Thanks for the comments so far.

I ended up buying the donor kits separately, but I took in a Hurricane fuselage half when I went to buy the Yak so I could compare them to some degree. I looked at a few others before deciding on the Yak.

The Hurricane and Yak certainly looked joinable, but from first impressions I expected a bit more of a fight from them than they gave me. Hopefully a good omen for the rest of the build.

The key for this build is to keep it as "Hurricane" as possible, I want it to be unmistakably a member of the Fury/Hurricane lineage despite the bubble top, so mods will be conservative.

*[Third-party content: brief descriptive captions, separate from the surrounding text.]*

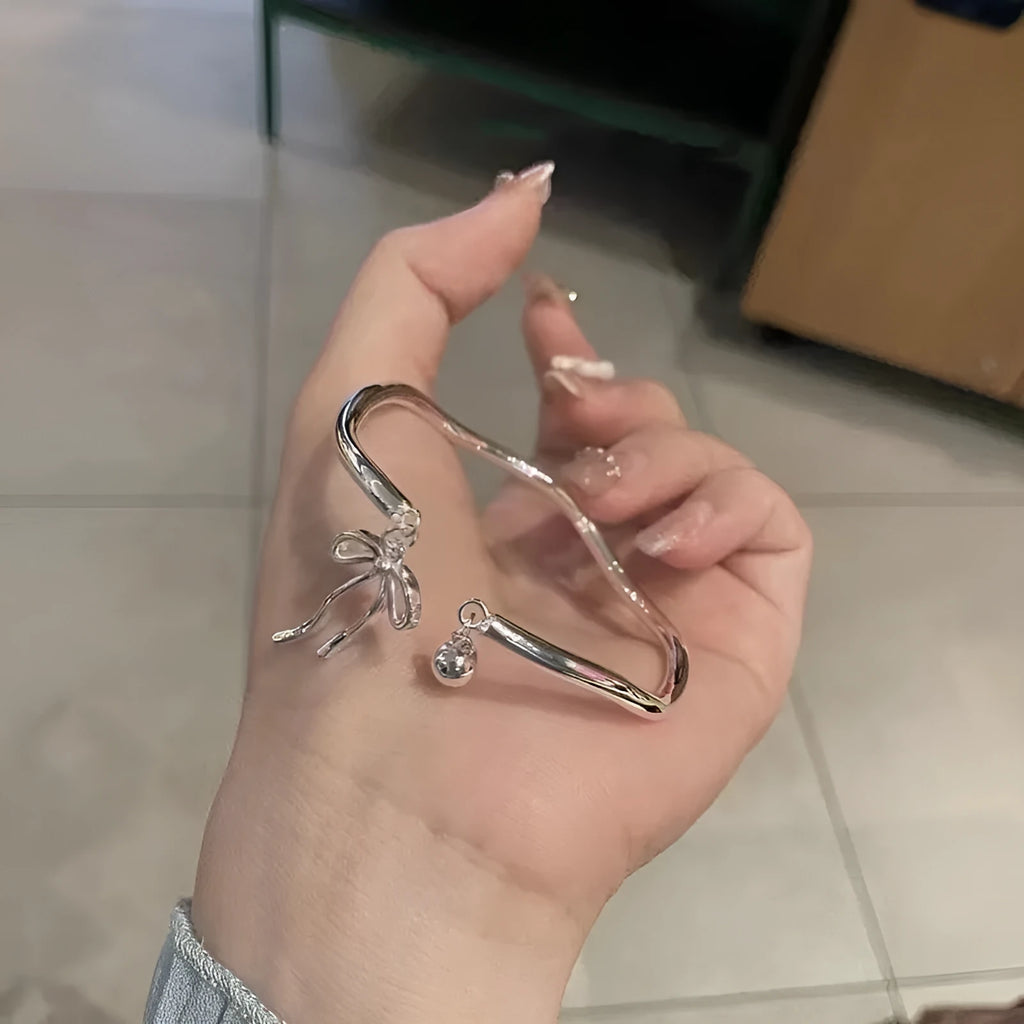 Silver adjustable bow bell opening bracelet made from zinc alloy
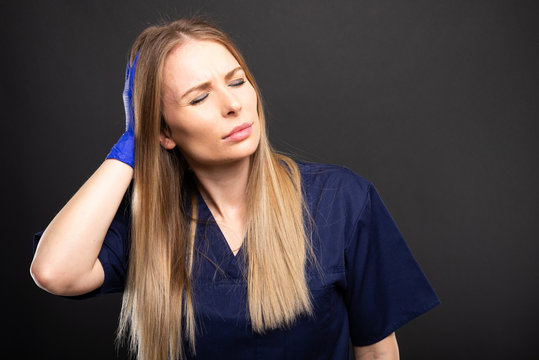 Beautiful female dentist wearing scrubs making headache gesture.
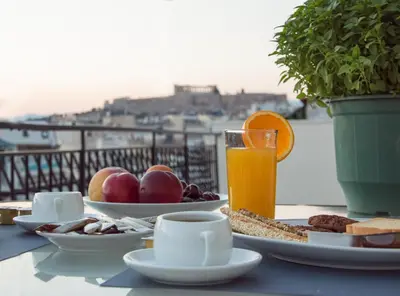 a table with breakfast food and a glass of orange juice at Elegance in Athens in Athens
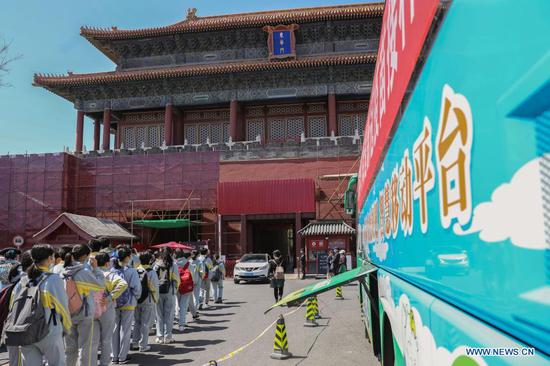 Tourists walk past a mobile COVID-19 vaccination vehicle outside the Donghua Gate of the Palace Museum in Beijing, capital of China, April 13, 2021. The bus-like facilities, equipped with vaccination stations, medical refrigerators and first-aid equipment, have been rolled out in different districts of Beijing to save time and improve inoculation efficiency. (Xinhua/Zhang Yuwei)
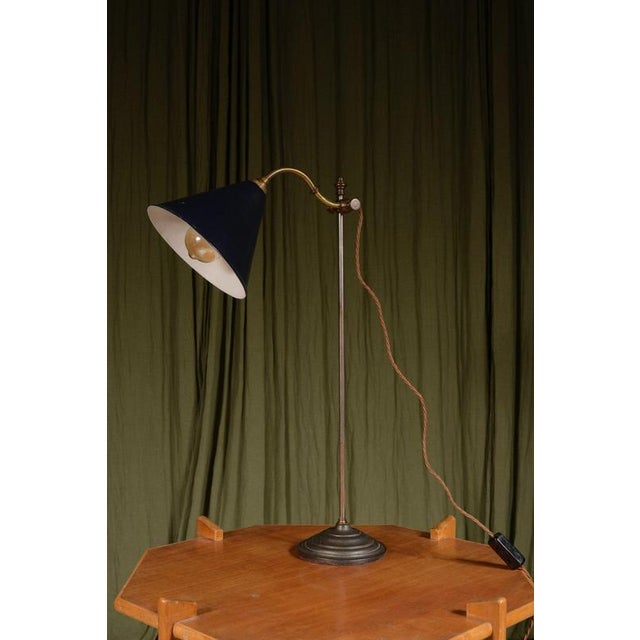 A very smart fully adjustable French rise and fall desk lamp, with knobs to adjust the height and the tilt, with a blue...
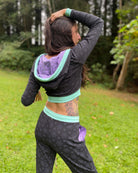 A woman wearing an organic cotton black crop hoodie with geometric print and purple accents with matching joggers, back view.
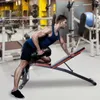 A man is performing a dumbbell row exercise on an adjustable weight bench in a gym. Náhľad obrázku produktu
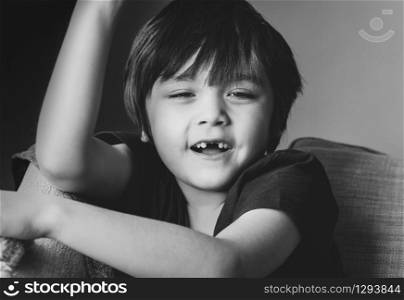 Cropped short kid looking at camera with smiling face,Candid short child showing lost his baby front teeth with big smile, close up face of little boy show his milk tooth fell out,Dental hygiene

The wings will not be changed at all in planform but I will probably relocate the landing light from the wing leading edge to some other spot on the aircraft. I'm also planning to add complete doors to the main landing gear as the Yak gave me a retractable tail unit so I think the main gear should be completely enclosed in flight for consistancy with that. I'm planning a gear down build at the moment.
My Blogs:

Pickled Wings: http://pickledwings.com/

Beyond Prague: http://beyondprague.net/

B777LR

Hmm, interesting way of doing that, perhaps it could be done on a Bf-109 too? Fw-190 razorback?

kitnut617

#6
You might want to keep in mind that the ventral strake back and front of the tail wheel was added to improve stability, it might have to be bigger as well as a dorsal fillet to offset all the missing top fuselage.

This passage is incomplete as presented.